*Problem statement:* From the line containing "West Bay Beach snorkeling" through the last line below, copy every line exactly, leaving out the pictures.
*** Opening Input material ***
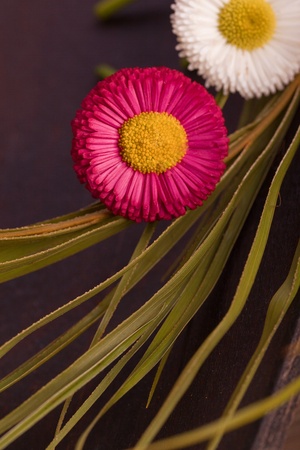 white and red daisy flower with leavesの写真素材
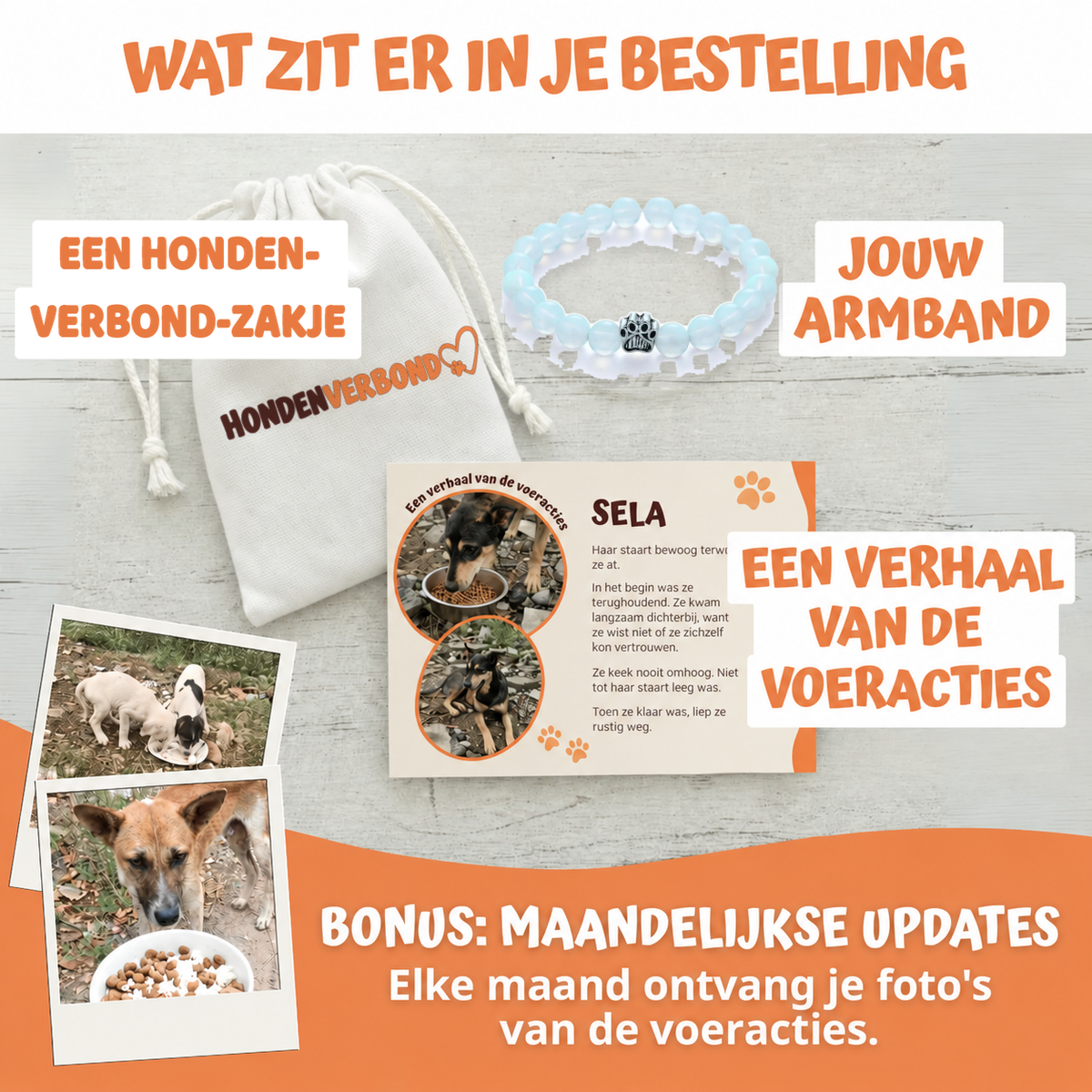 Wat zit er in je bestelling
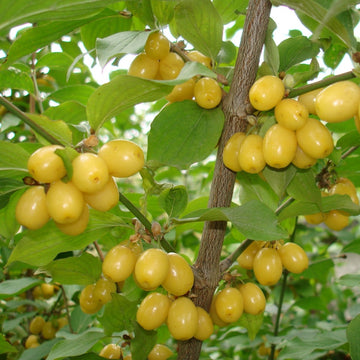 Geltonžiedė Sedula Jantarnyj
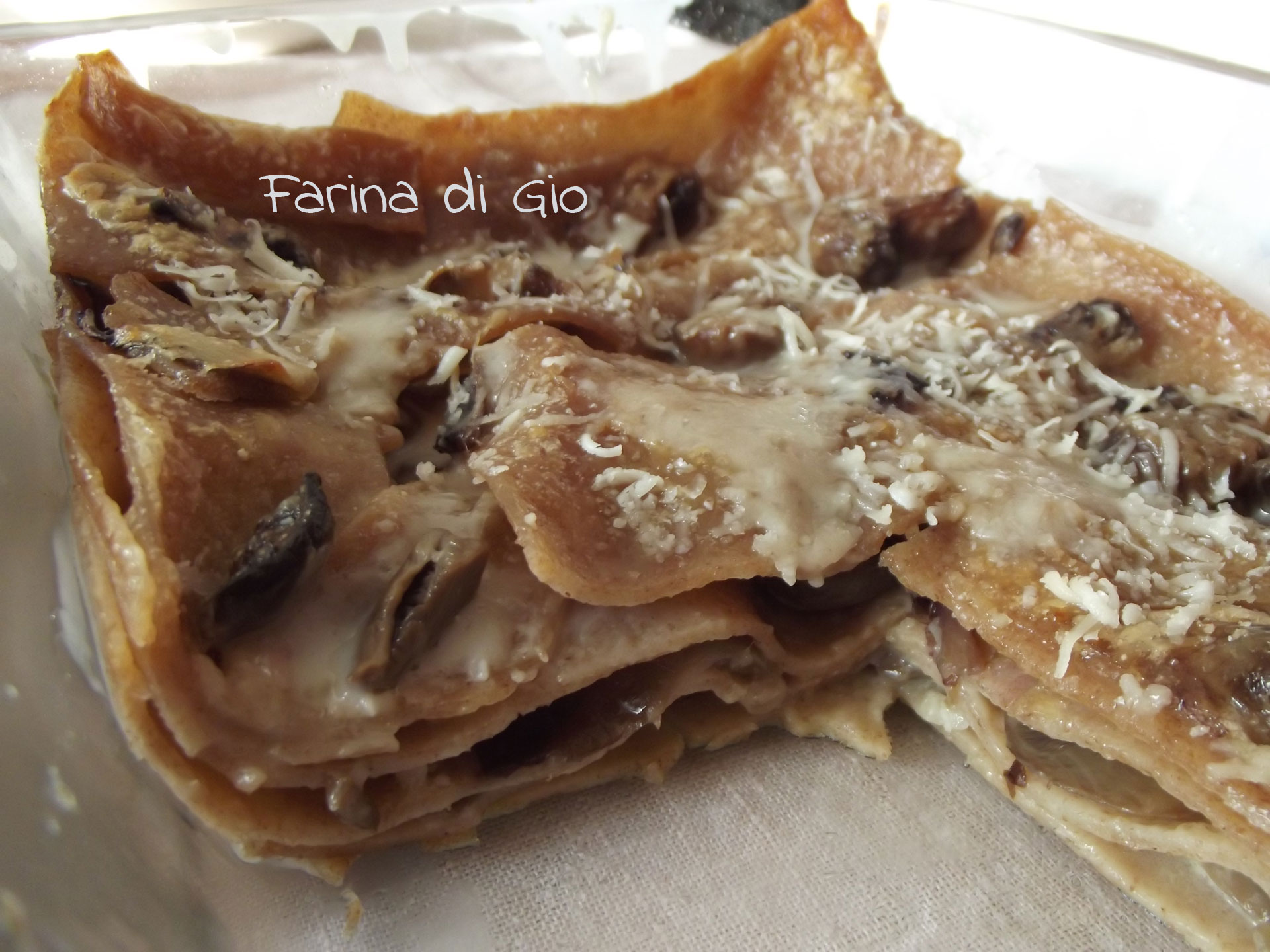 Lasagne di farro con champignon, radicchio e panna di avena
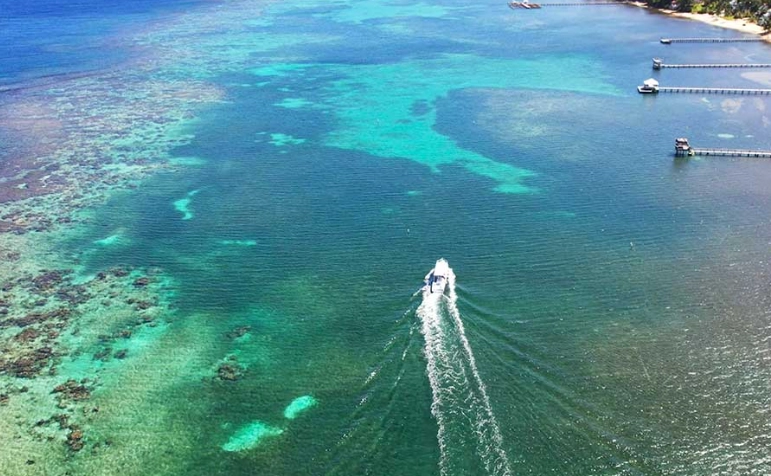 West Bay Beach snorkeling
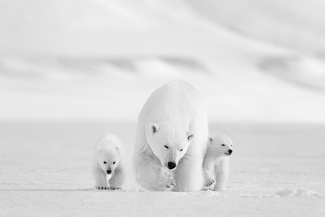 Walking Proud Walking Proud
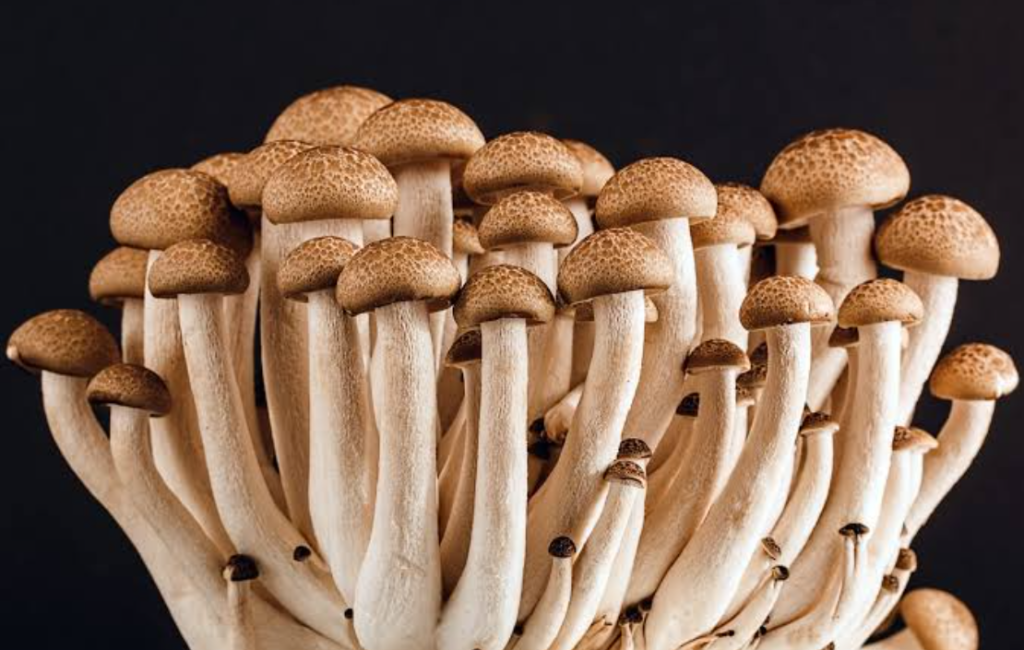 Mushroom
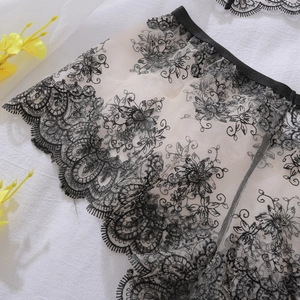 Close-up of intricate floral lace embroidery on beige sheer mesh with scalloped edges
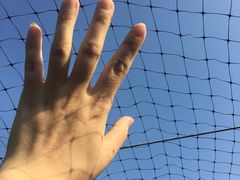 -马陆小张葡萄园农家乐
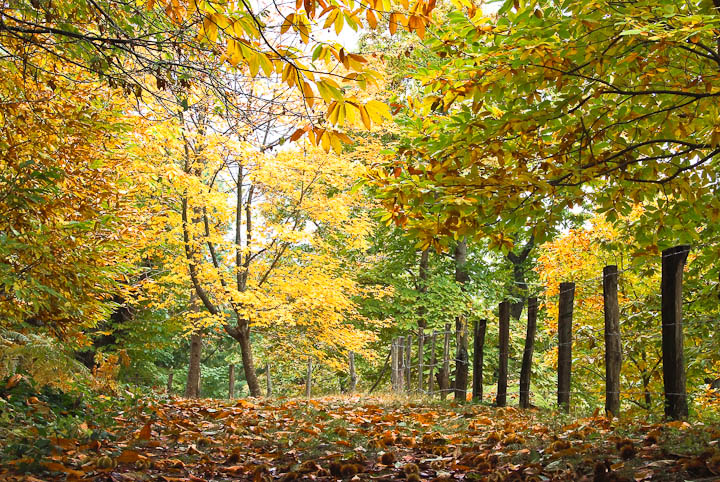 il bosco d'autunno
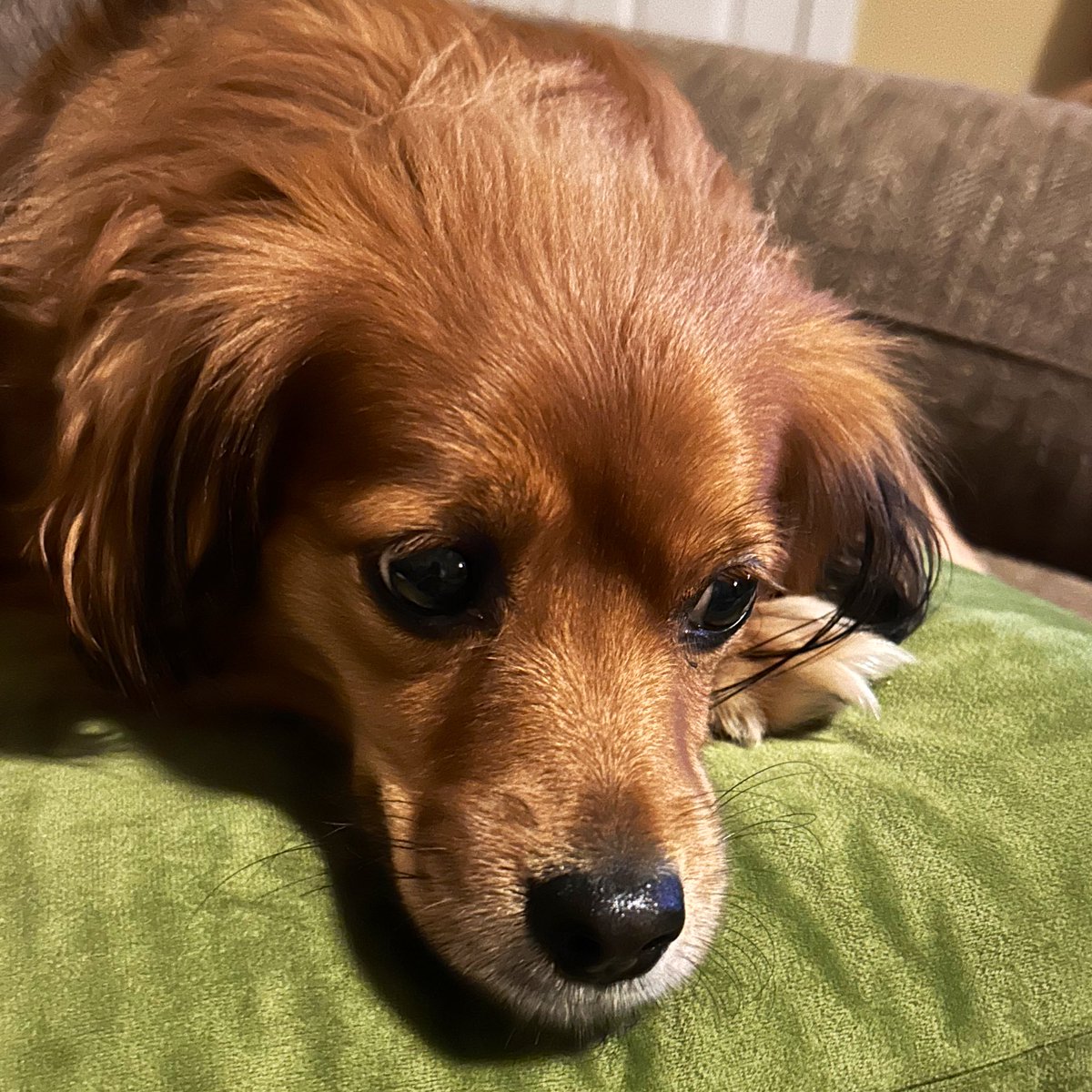 Just pondering. Could she squeeze any more treats from the humans if she looks really sad?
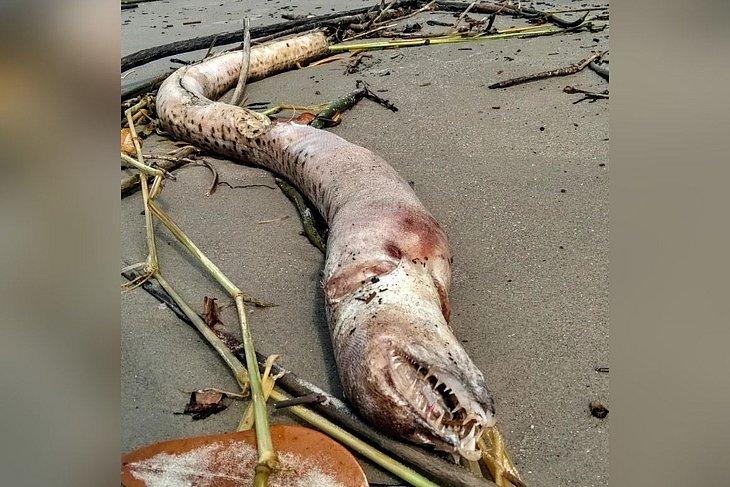 Monstro morto em praia faz moradores de ilha terem pesadelos! Veja o que é!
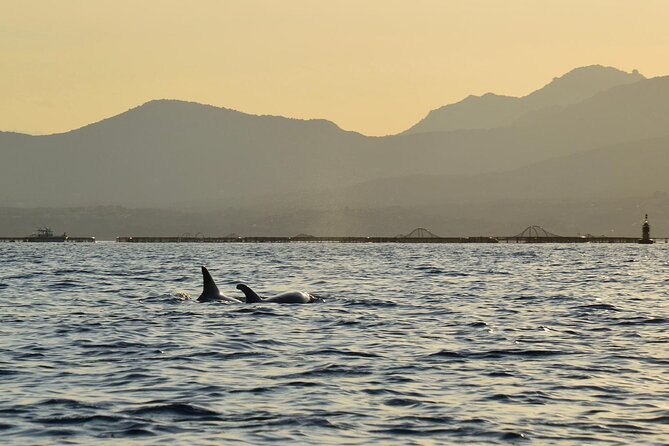 Kayak tour with aperitif and dolphins - Group size, privacy, and how to avoid the common trip annoyances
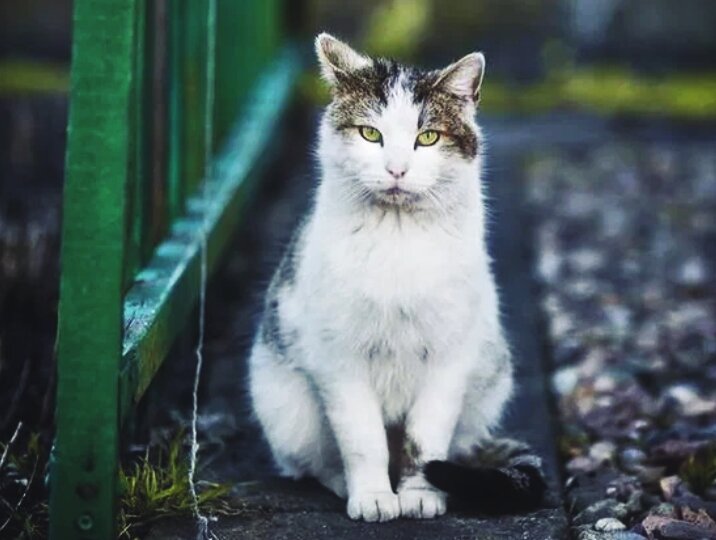 Почему специалисты не советуют кастрировать взрослых бездомных котов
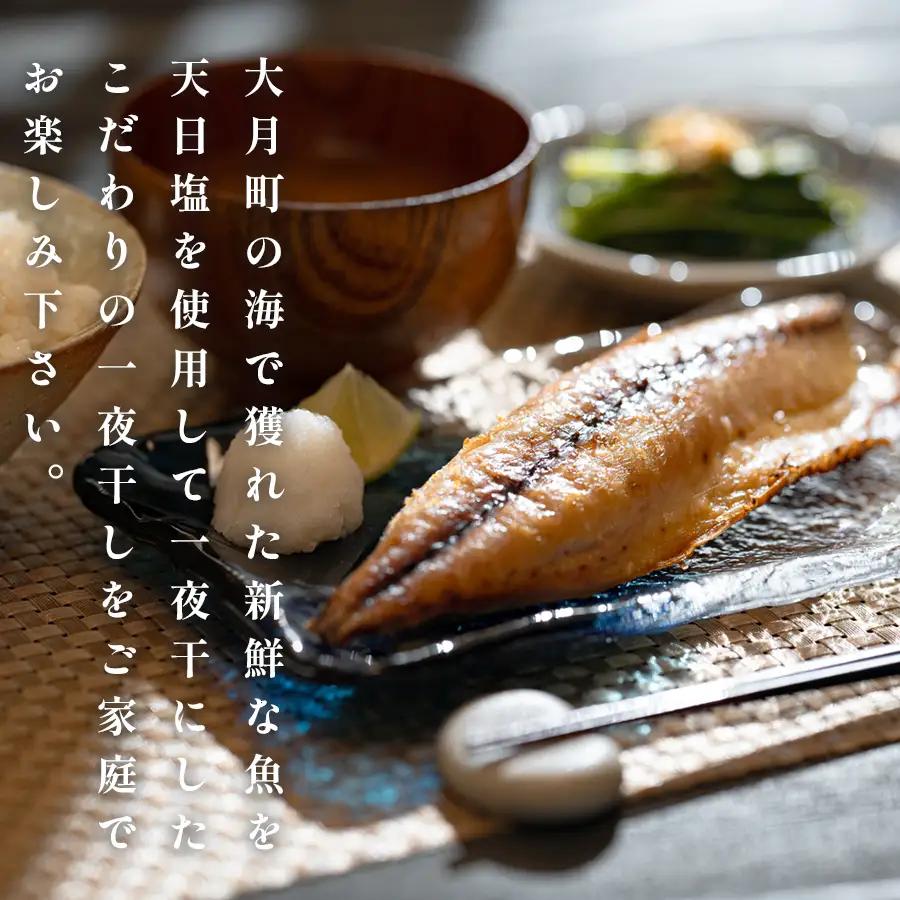 一夜干しセット 12枚-15枚 天日塩 無添加 干物 詰め合わせ 冷凍便  海鮮セット 焼くだけ簡単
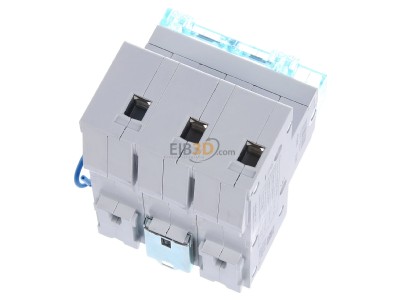Top rear view Hager HTN363C Selective mains circuit breaker 3-p 63A 
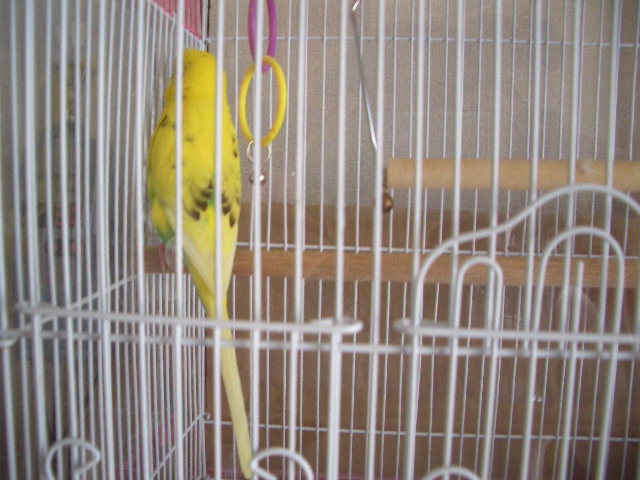 くるりんぱ 005.jpg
*** Closing Input material ***
*Response for this exercise:*
 West Bay Beach snorkeling
 Walking Proud Walking Proud
 Mushroom
 Close-up of intricate floral lace embroidery on beige sheer mesh with scalloped edges
 -马陆小张葡萄园农家乐
 il bosco d'autunno
 Just pondering. Could she squeeze any more treats from the humans if she looks really sad?
 Monstro morto em praia faz moradores de ilha terem pesadelos! Veja o que é!
 Kayak tour with aperitif and dolphins - Group size, privacy, and how to avoid the common trip annoyances
 Почему специалисты не советуют кастрировать взрослых бездомных котов
 一夜干しセット 12枚-15枚 天日塩 無添加 干物 詰め合わせ 冷凍便  海鮮セット 焼くだけ簡単
Top rear view Hager HTN363C Selective mains circuit breaker 3-p 63A 
 くるりんぱ 005.jpg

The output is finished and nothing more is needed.